- Bir insan geleneksel olana karşı ne kadar düşmanca bir tavır alıyorsa, özel hayatında da o kadar büyük bir acımasızlıkla, yasalarını gelecekteki bir toplumsal durumun ortaya koymasını istediği normları geçerli kılacaktır. Sanki bu normlar ona, henüz hiçbir yerde gerçekleştirilmemiş olduklarına göre, hiç değilse kendi hayatında yoğurulmaları görevini yüklemekteymiş gibidirler. Oysa kendini zümresinin ya da halkının en eski gelenekleriyle uyum içinde gören adam, özel hayatında ara sıra inadına, kamu hayatında hoşgörü göstermeksizin savunduğu ilkelere ters davranır ve en ufak bir vicdan sıkıntısı duymadan, bu davranışını gizliden gizliye, kendi savunduğu ilkelerin sarsılmaz yetkesine en tutarlı bir örnek olarak över. Böylece ayrılır birbirinden anarşist-sosyalist ve tutucu politikacı tipleri.
- Veda edenin sevilmesi ne kadar daha kolaydır! Çünkü uzaklaşan kişi için, gemiden ya da trenin penceresinden sallanan o varla yok arası bez parçasının beslediği alev daha saftır. Uzaklık, gözden kaybolmakta olanın içine bir boya gibi işler ve onu munis bir kora çevirir.

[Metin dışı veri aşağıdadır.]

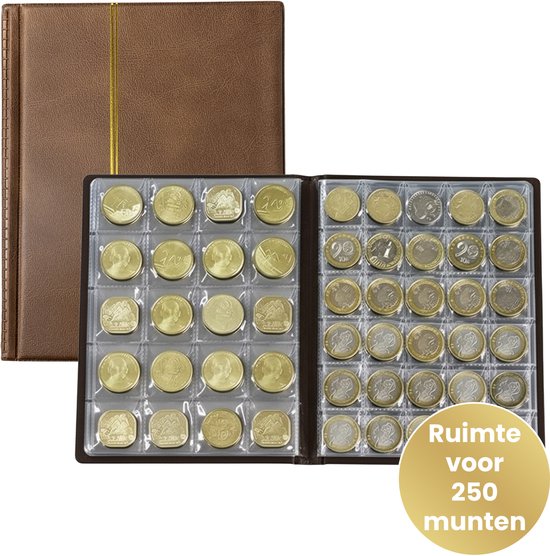 Bruin album met gouden band, openliggend met twee pagina's vol munten.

- Yakınlık duyduğumuz biri ölünce, bunu izleyen ayların gelişmeleri içinde öyle bir şey vardır ki, -her ne kadar onunla paylaşmak istersek de- sanki ancak onun uzakta oluşu sayesinde meydana gelebildiğini fark eder gibi oluruz. Onu sonunda, artık anlamaz olduğu bir dille selamlamaktayızdır.
- Konuşma hürriyeti kaybolmakta. İnsanlar arasında eskiden konuşmada karşıdakinin üzerine eğilme gayet tabii bir şeyken, şimdi yerini ayakkabılarının veya şemsiyenin fiyatını sormak alıyor. Her sohbetin içine önü alınmaz bir şekilde, hayat şartları konusu, para konusu giriyor. Bu arada söz konusu olan ne bireyin endişeleri ve çilesi -böyle olsa, belki konuşanlar birbirleriyle yardımlaşabilirdi-, ne de konunun bütün içinde gözden geçirilmesi. İnsan sanki bir tiyatroda tutsakmış da, sahnedeki oyunu ister istemez izlemek zorundaymış, bunu ister istemez, durup durup yeniden düşüncenin ve konuşmanın konusu etmek zorundaymış gibi.

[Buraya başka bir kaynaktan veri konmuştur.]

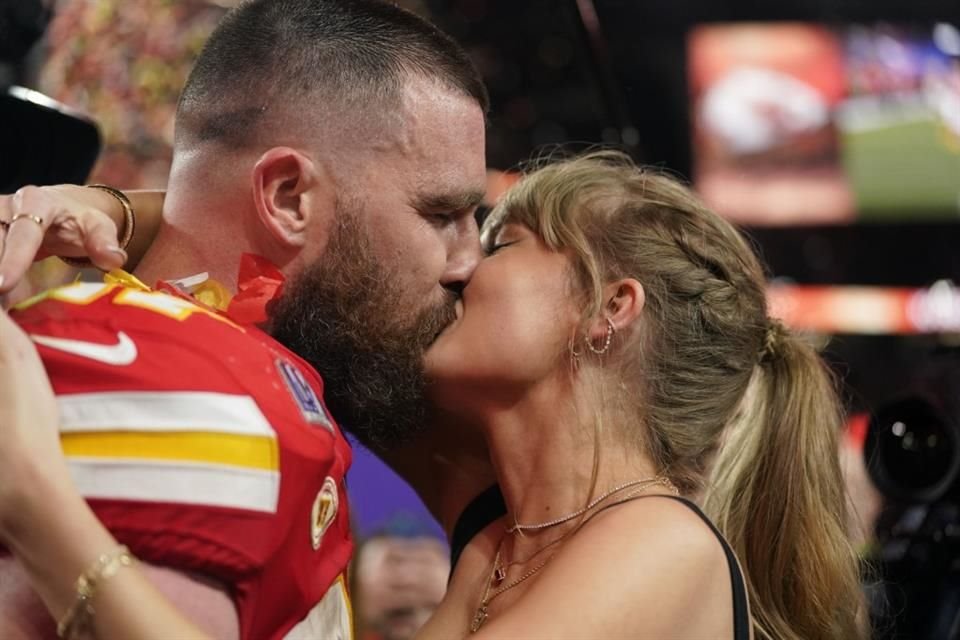 Una fuente cercana a la pareja aseguró que Swift y su familia, incluidos sus papás, Scott y Andrea, auspiciaron la cena de Acción de Gracias para los Kelce en su casa de Nashville, Tennessee, en EU.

- Fikir hayatına karşı dizginlenmek bilmeyen bir düşmanlık ayaktakımının içine işlemiştir; ve bu düşmanlık fikir hayatının yokedilmesini sağlama bağlamak için gövdelerin küme küme bölünüp sayıya vurulması gerektiğinin farkındadır. Her nerede kendilerine bir fırsat verilirse, saf saf dizilir bu gövdeler, alay alay, yaylım ateşinin ortasına da dalarlar, mağazalara da. Hiç kimse önündekinin sırtından ileriyi göremez, herkes de, arkasındaki için böyle bir örnek teşkil etmekten gurur duyar. Bunu erkekler yüzyıllardır savaş alanında öğrenegelmiştir, ama zavallıların resmigeçidini, sıraya sokmayı, icat edenler kadınlardır.
- Söz düşünceyi fetheder, oysa yazı egemenliğine alır.
- Dilenciye bütün dinler büyük saygı göstermiştir. Çünkü dilenci nesnel ve sıradan olduğu kadar kutsal ve hayat verici bir iş olagelmiş olan sadaka verme konusunda gerek zihnin, gerekse düşüncenin temellerinin; gerek sonuçların, gerekse ilkelerin, acıklı biçimde yetersiz kaldığını göstermektedir.
- Sokakları dolduran kargaşanın bile itici, insan doğasının başkaldırmasına yol açan bir yanı var. Bütün sınıflara ve mevkilere mensup, birbirlerinin yanından geçip giden bu yüzbinler, aynı niteliklerin ve yeteneklerin taşıyıcısı olan, aynı ölçüde mutluluğu isteyen insanlardan oluşmuyor mu? ...Oysa onlar hiçbir ortak yanları, birbirleriyle hiçbir ilgileri yokmuşçasına, birbirinin yanından geçip gidiyorlar...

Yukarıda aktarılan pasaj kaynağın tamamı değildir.